Pertempuran tak terelakkan lagi, pemuda menyerang pasukan sekutu dan NICA. Dengan dukungan 120.000 ribu pemuda, Tentara Keamanan Rakyat dengan mudah memukul mundur pihak sekutu. Pihak sekutu berusaha mendatangkan Soekarno dan Hatta untuk menghentikan peperangan. Kebijakan ini berhasil menenangkan hati rakyat dan segera menghentikan peperangan. Namun setelah Soekarno kembali ke Jakarta, perang kembali terjadi. Sekelompok pemuda menebak mati Mallaby pada saat ingin memberlakukan gencatan senjata.     
            Setelah terbunuhnya Mallaby, Soekarno memerintahkan rakyat Surabaya untuk berhenti menyerang pasukan sekutu, membebaskan 6000 pasukan NICA yang ditahan dan menginzinkan pendaratan 15.000 pasukan sekutu divisi India pada 9 Oktober di Surabaya. Soekarno tidak menyadari bahwa sekutu berniat untuk melakukan pembalasan atas terbunuhnya Brigadir Jenderal Mallaby. Di bawah pimpinan Jenderal Mansergh sekutu mengeluarkan ultimatum kepada rakyat Surabaya agar menyerahkan senjata dengan atau tanpa syarat kepada pasukan sekutu paling lambat jam 06.00 pagi 10 November 1945.
            Rakyat Surabaya tidak menghiraukan ultimatum pasukan sekutu tersebut dan bertekad mempertahankan kota Surabaya sampai tetes darah penghabisan.
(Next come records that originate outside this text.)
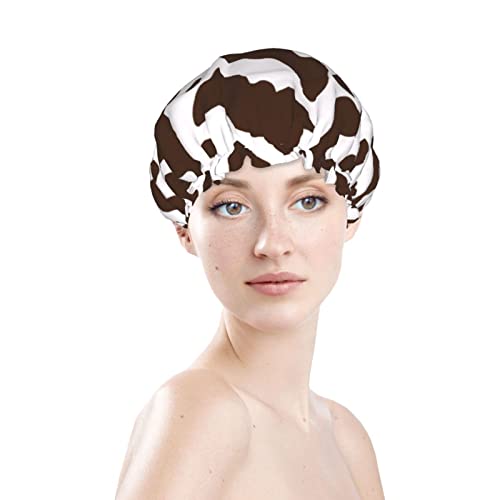 Kadınlar Kullanımlık Streç Hem Saç Şapka Kahverengi İnek Nokta Baskı Çift Katmanlar Su Geçirmez Duş Başlığı banyo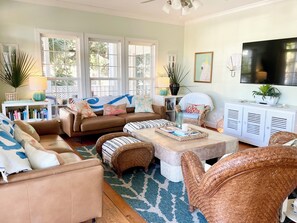 Smart TV, ping pong, books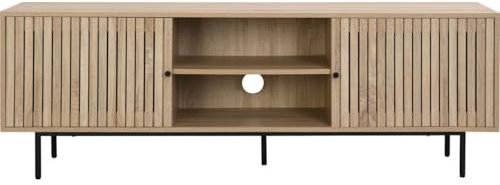 HOMIFAB Meuble TV 2 Portes Couleur chêne 160 cm - Solna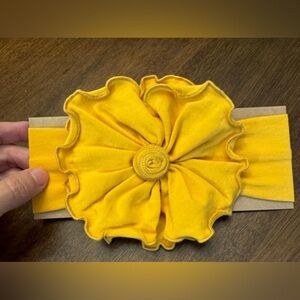 Yellow Kids Headband with Flower Accent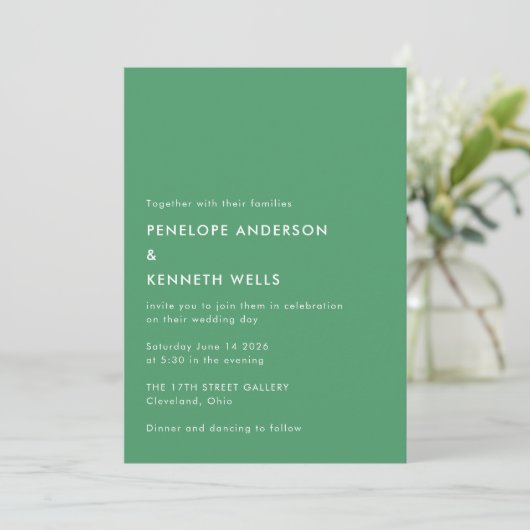 Minimalistisch Simple Wedding Basic Kelly Green Einladung (Stehend Vorderseite)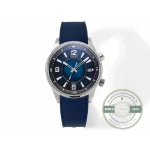 Blue rubber strap with a soft texture meeting the polished steel case side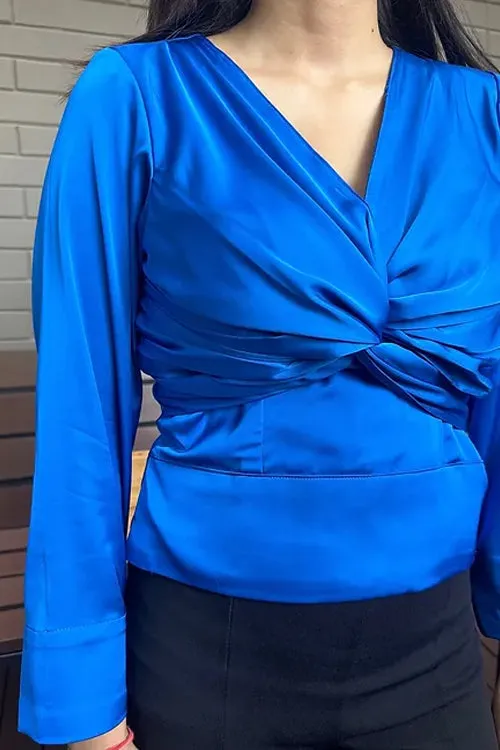 Satin Front Knot Top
Bung Tomo dari Barisan Pemberontak Rakyat Indonesia memberikan komando dan semangat kepada rakyat Surabaya, agar mempertahankan kemerdekaan republik Indonesia sampai tetes darah penghabisan. Melalui radio bung Tomo membangkitkan semangat rakyat Surabaya untuk berjihad di jalan Allah. Beliau mengakhiri pidatonya dengan Asma Allah, “Allahu Akbar, Allahu Akbar, Allahu Akbar sekali merdeka tetap merdeka, lebih baik mati dari pada hidup dijajah”.
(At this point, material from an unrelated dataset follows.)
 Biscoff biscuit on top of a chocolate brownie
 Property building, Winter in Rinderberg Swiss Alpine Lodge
            Maka pada 10 November pesawat Mosquito dan Thurderbolt dari Royal Air Force Inggris menghujani kota Surabaya dengan rudal. Dari arah laut, kapal penjelajah Sussex dan beberapa kapal Destroyer menembakkan meriamnya kearah jantung kota Surabaya. Dengan seketika pemandangan kota Surabaya berubah menjadi lautan darah dan api. Ribuan rakyat gugur sebagai Syuhada, tidak gentar mengahadapi raungan bom dari pasukan pemenang perang dunia ke II yang tangguh itu.
            Pasukan Inggris terkejut atas semangat heroisme rakyat Surabaya dan mulai menyadari bahwa rakyat Indonesia tidak bisa lagi dipaksa tunduk hanya dengan kekerasan. Pasukan Inggris mulai menyadari bahwa pertempuran – pertempuran yang mereka lakukan hanya semakin memperbesar pengeluaran biaya perang mereka. Ali Jinnah dari perserikatan Muslim India dan Jawaharlal Nehru memprotes tindakan pembunuhan rakyat Indonesia yang dilakukan pasukan Inggris dengan menggunakan tentara Gurka.            
            Peperangan di Surabaya memacu semangat rakyat Indonesia di berbagai daerah lain di Indonesia. Peperangan akhirnya diakhiri dengan jalan diplomasi pemerintah republlik Indonesia melalui perjanjian Linggarjati dengan pihak Belanda. Meski hasil perundingan Linggarjati sangat merugikan bangsa Indonesia karena semakin menyusutnya wilayah Indonesia dengan hanya meliputi Sumatera, Jawa dan Madura. Tetapi saat inilah Republik Indonesia diakui secara de facto oleh Belanda dan dunia Internasional sebagai negara yang merdeka.
            Peristiwa perlawanan 10 November Surabaya banyak mengandung hikmah yang dapat dipetik di saat ini. Bahwa kita merupakan bangsa yang memiliki jiwa patriotisme dan cinta tanah air sangat besar. Bila dipikirkan dengan akal sehat, sulit kiranya kita terima bahwa musuh yang kita hadapi adalah pasukan yang berhasil memenangkan perang dunia ke II yang memiliki peralatan tempur yang canggih. Tidak banyak negara yang merebut kemerdekaannya dengan pengorbanan nyawa rakyatnya. Maka seharusnya kita bangga dan berterimakasih kepada para pahlawan yang telah berjuang mempertaruhkan nyawanya demi kemerdekaan.